И не только по-человечески, но и — более того — профессионально жаль, что так рано ушел от нас талантливый и энергичный писатель, на долю которого выпало раскрыть нам тот неизвестный мир устных литератур, из недр которых встали такие гиганты, как Стальский и Джамбул.
1945
На Востоке
На Дальнем Востоке одержана историческая победа. Советские войска в Мукдене, Чанчуне, Харбине, Порт-Артуре! Квантунская армия — этот извечный очаг провокаций и преступлений против нашей родины — сложила оружие, сдалась на милость победителя. Японский агрессор разгромлен. И этому в решающей степени способствовала наша родная Красная Армия.

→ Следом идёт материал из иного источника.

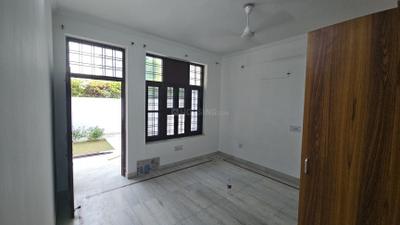 Bedroom Image of 2500 Sq.ft 3 BHK Builder Floor for rent in Sector 23A Gurgaon for Rs. 45000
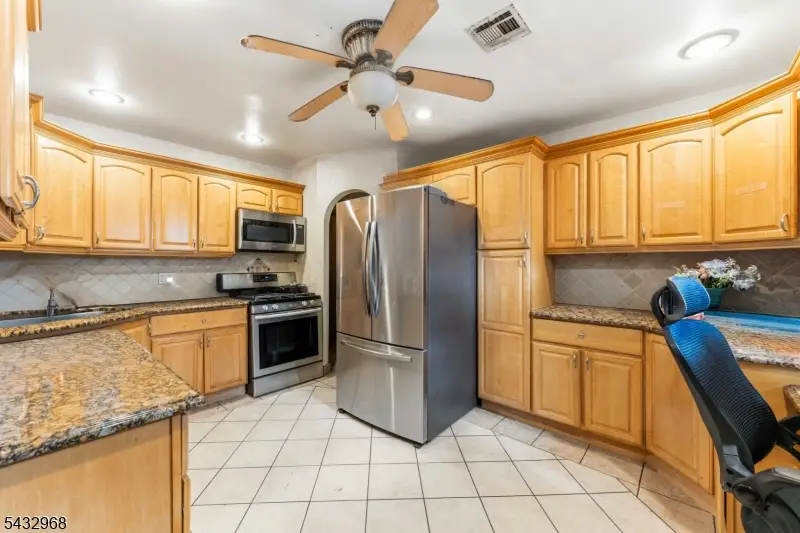 339 Oakwood Ave, Kenilworth, NJ 07033 - #3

Никогда еще объявление войны не было актом большего миролюбия, чем в данном случае с Японией, ибо Япония — это прежде всего разбой, угнетение, эксплоатация. Советский Союз выступил против фашистской Японии, и это было понято в глубинах Азии, как наступление рассвета после чересчур затянувшейся ночи.
Борьба с японской военщиной была не легким делом. Она оказалась по плечу наиболее опытной и закаленной армии мира — Красной Армии.
С завистью думаю я о товарищах, встреченных мною в Вильнюсе, в Каунасе, в Будапеште и Вене, о которых мне известно, что они сражаются на Дальнем Востоке.
О двух или трех из них я знаю даже несколько больше: они находились в Ворошилов-Уссурийском.
Штурмом взят маньчжурский городок Санчагоу, за рекой Суйфун, на берегах которой начинал я писать «На Востоке». И подумать только, что о такой возможной встрече на берегах Тихого океана мы говорили в чудесных окрестностях Вены. И вот они уже там, на Востоке, а я — нет.